Revenue service on the Danville and Pottsville Railroad commenced by 1834 over a completed 13-mile segment between Pottsville and Tuscarora. This service used strap rail laid on timber stringers and was powered by horse-drawn cars, with modest coal shipments and occasional passenger traffic.

By 1838, the physical condition of the line had deteriorated. According to contemporary accounts, the Pottsville-to-Tuscarora segment remained in service, but only about 20 miles of track near Shamokin and Sunbury were actively used. Portions near Girardville and Ashland were incomplete or abandoned. Structural settling was so severe that wooden shoring had to be added to the original masonry piers.

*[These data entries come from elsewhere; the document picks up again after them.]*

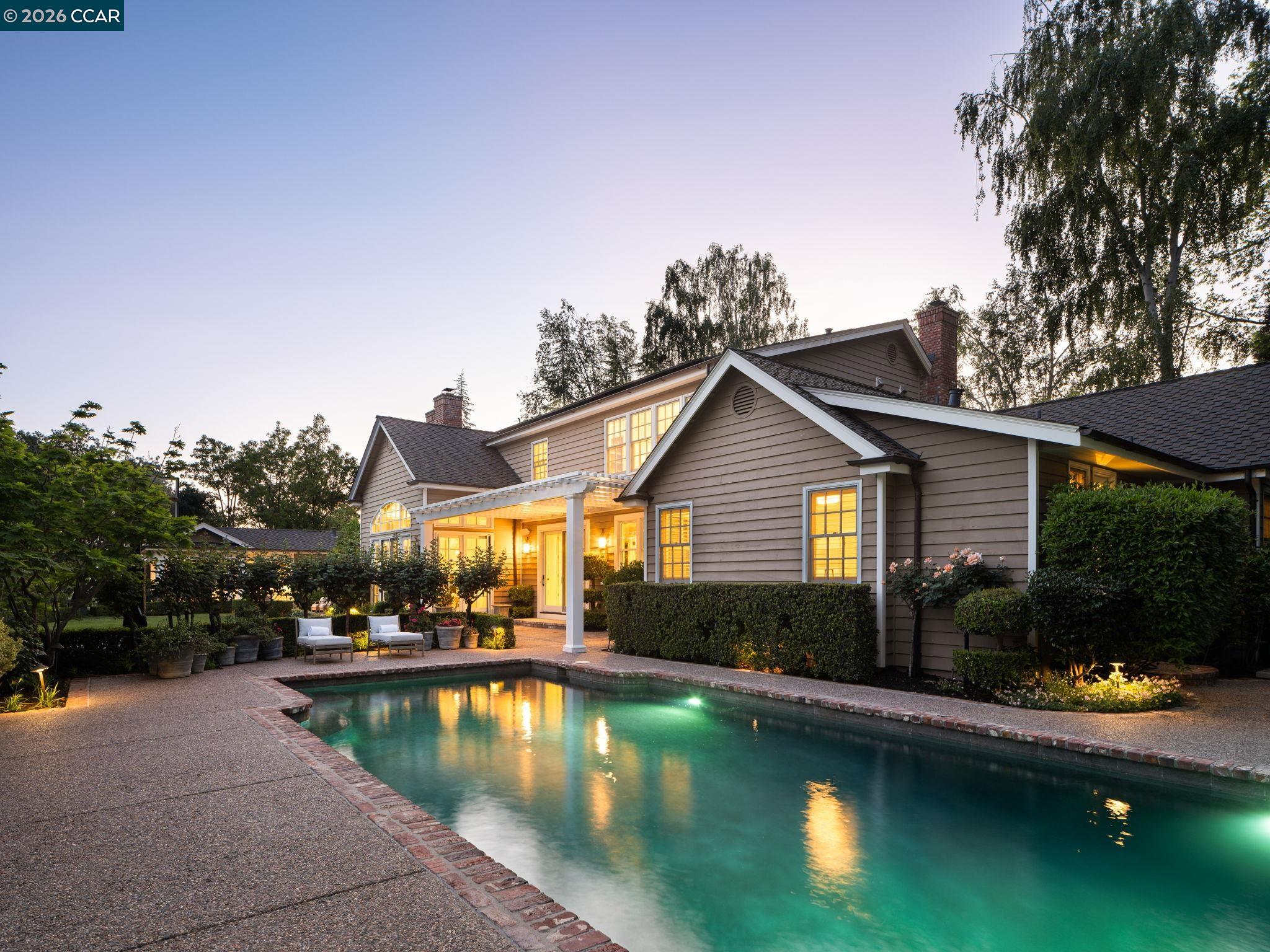 295 Barrington Ln
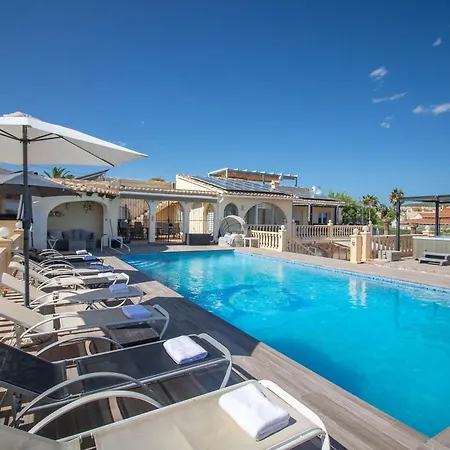 Airlie By Abahana Villa Ifach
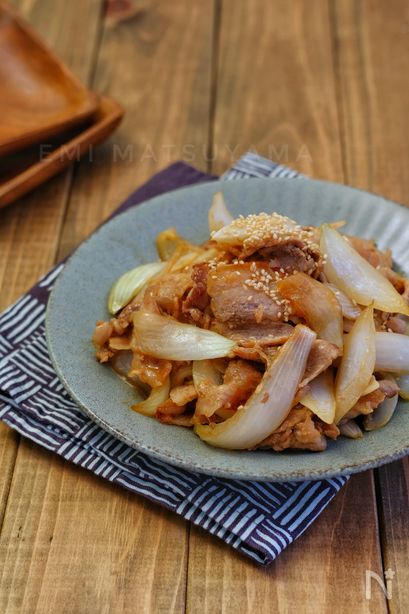 ＊新玉ねぎと豚バラの甘辛生姜炒め＊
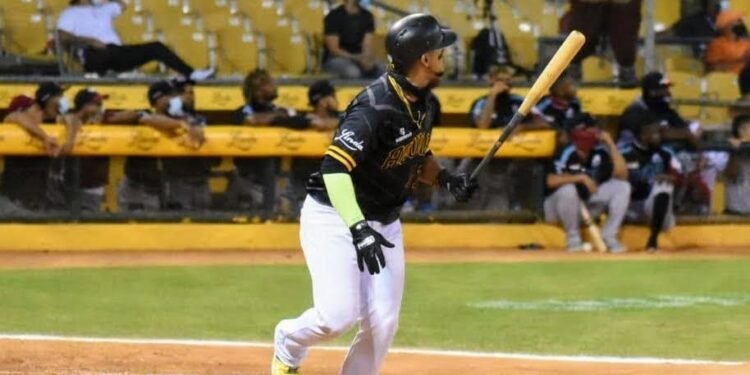 Lagares conecta grand slam y Águilas obligan séptimo juego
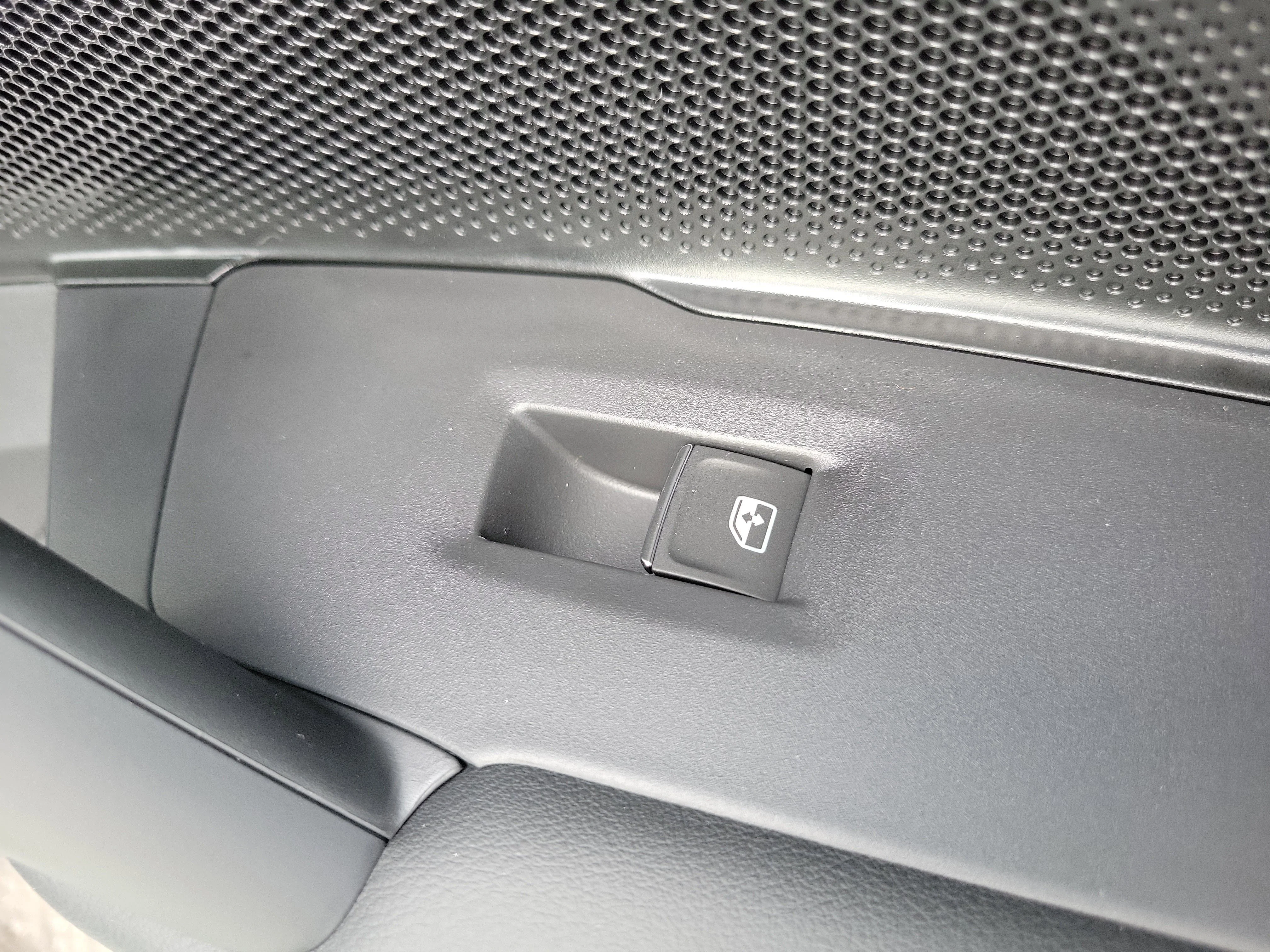 2026 Volkswagen Tiguan SE R-LINE BLACK - Photo 9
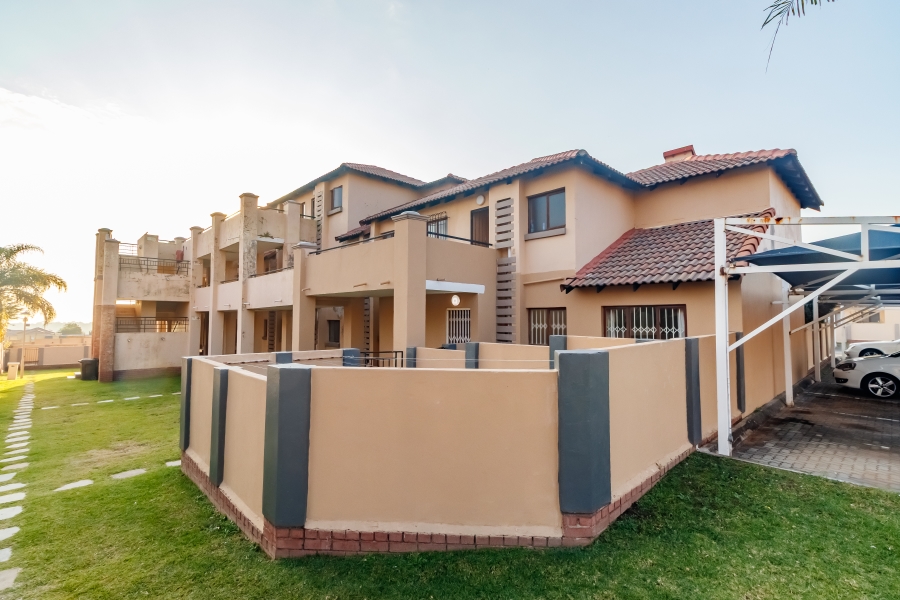 3 Bedroom Property for Sale in Halfway Gardens Gauteng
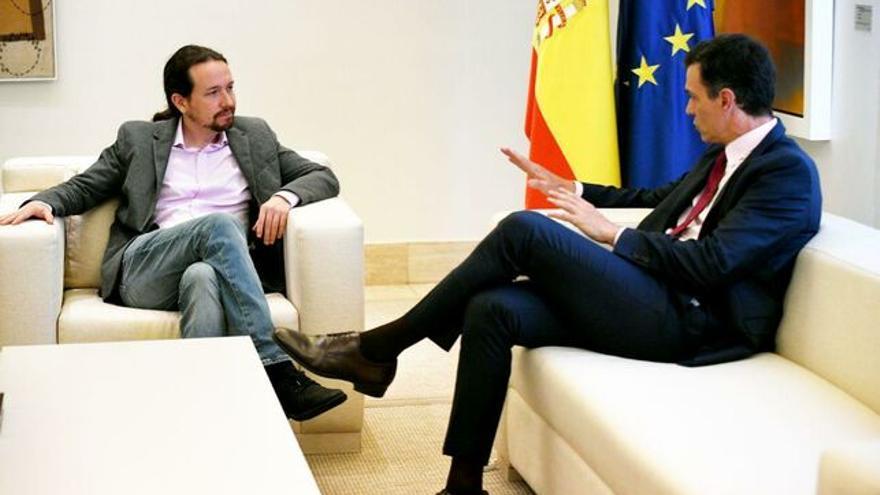 Sánchez e Iglesias no avanzan en las negociaciones para la investidura tras una hora de reunión en Moncloa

The route included at least six inclined planes on the Pottsville end, a rare and ambitious feature for the time. Four ascended and two descended, and all were double-tracked to permit simultaneous haulage and descent. Some planes used stationary steam engines to assist with grades. One such plane near Pottsville was curved and featured iron-capped rails to reduce wear.

Although Edward Miller conducted survey work for the line and likely incorporated British railway practices based on his experience under Moncure Robinson, who was a leading early promoter of British methods in American railroading, Robinson himself had no documented role in the line's planning or construction.

Although later eclipsed by larger systems such as the Philadelphia and Reading and the Pennsylvania Railroad, the Danville and Pottsville Railroad remains a valuable example of early American railroading, illustrating both the technological ambition and organizational limitations that characterized pre-1840 rail ventures.